92 ↗(On Diff #88213)

I would feel a lot more comfortable if our constructor initialized all of these variables. Otherwise it seems like we're asking for trouble.

98 ↗(On Diff #88213)

"Runtime" as in "runtime check" is usually one word.

n.bozhenov added inline comments.Feb 14 2017, 1:51 PM
lib/Transforms/Utils/BypassSlowDivision.cpp
346 ↗(On Diff #88213)

Hi Justin,

Thanks for reviewing the code so quickly. And I really like the code sample you suggested. If I understand correctly, your main concern is that in my code the Task object gets reused for different instructions during the pass, isn't it? If this is the case, then moving the code from FastDivInserter into FastDivInsertionTask constructor is indeed one of the possible solutions.

Another approach is to create a new Task object for each instruction inside an FastDivInserter object and never expose it outside. Something like this:

// In bypassSlowDivision:
FastDivInserter FDI;
while (Next != nullptr) {
  Instruction *I = Next;
  Next = Next->getNextNode();
  MadeChange |= FDI.tryReplaceSlowDiv(I);
}
// In FastDivInserter::tryReplaceSlowDiv:
FastDivInsertionTask Task(I, BypassWidths);
if (!Task.isSlowDivision())
  return false;

Value *R = Task.getReplacement(Cache);
if (!R)
  return false;

I->RAUW(R);
return true;

Currently I'm playing with these two approaches and will come with an updated patch by tomorrow. Please, comment if you're strongly in favour of one of these approaches.

jlebar added inline comments.Feb 14 2017, 1:56 PM
lib/Transforms/Utils/BypassSlowDivision.cpp
346 ↗(On Diff #88213)

If I understand correctly, your main concern is that in my code the Task object gets reused for different instructions during the pass, isn't it?

Yes.

I'm also a little concerned about the mutable state inside of the Task object used for passing between functions, but I wanted to get this part figured out first.

Another approach is to create a new Task object for each instruction inside an FastDivInserter object and never expose it outside

Right. If FastDivInserter has nontrivial complexity that it doesn't make sense to push into FastDivInsertionTask or the outer pass function body, this might make sense. When I looked at it, I didn't think it did.

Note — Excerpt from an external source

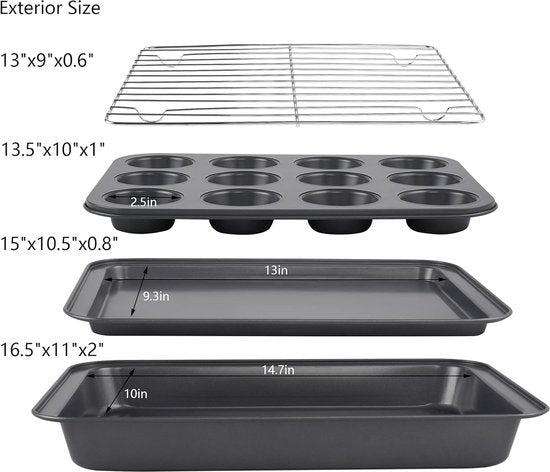 Set de moules de cuisson Moules de cuisson 5 pièces - Ensemble de cuisson - Moule à muffins - Plaque de cuisson - Revêtement antiadhésif - Zwart/ noir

n.bozhenov updated this revision to Diff 88552.Feb 15 2017, 9:08 AM
n.bozhenov added inline comments.Feb 15 2017, 9:12 AM
lib/Transforms/Utils/BypassSlowDivision.cpp
346 ↗(On Diff #88213)

I have updated the patch. I have got rid of FastDivInserter class. And the Task is not reused any more, but a new object is constructed for each instruction.

As for mutable fields used for passing data between functions, it's possible to get rid of them as well. We could define

struct IncomingDivRemPair {
  BasicBlock *BB; //< PHINode predecessor for the following values.
  Value *Quotient;
  Value *Remainder;
};

and return such a structure by value from createSlowBB and createFastBB methods. Later, we could pass a pair of such structures into createDivRemPhiNodes to make the latter both more flexible and easier to understand. The only reason I haven't done this yet is that I don't like very much returning structures by value. Do you think it is worth doing?

n.bozhenov marked 3 inline comments as done.Feb 15 2017, 9:20 AM
n.bozhenov added inline comments.
lib/Transforms/Utils/BypassSlowDivision.cpp
80 ↗(On Diff #88213)

During this optimization we generally use 'slow division' to refer to both Div and Rem operations. I believe that strictly following your suggestion would be overkill. For example, the file itself and its main entry point are named BypassSlowDivision.cpp and llvm::bypassSlowDivision. I'm not sure if we should rename them into something like bypassSlowDivisionOrRemainder.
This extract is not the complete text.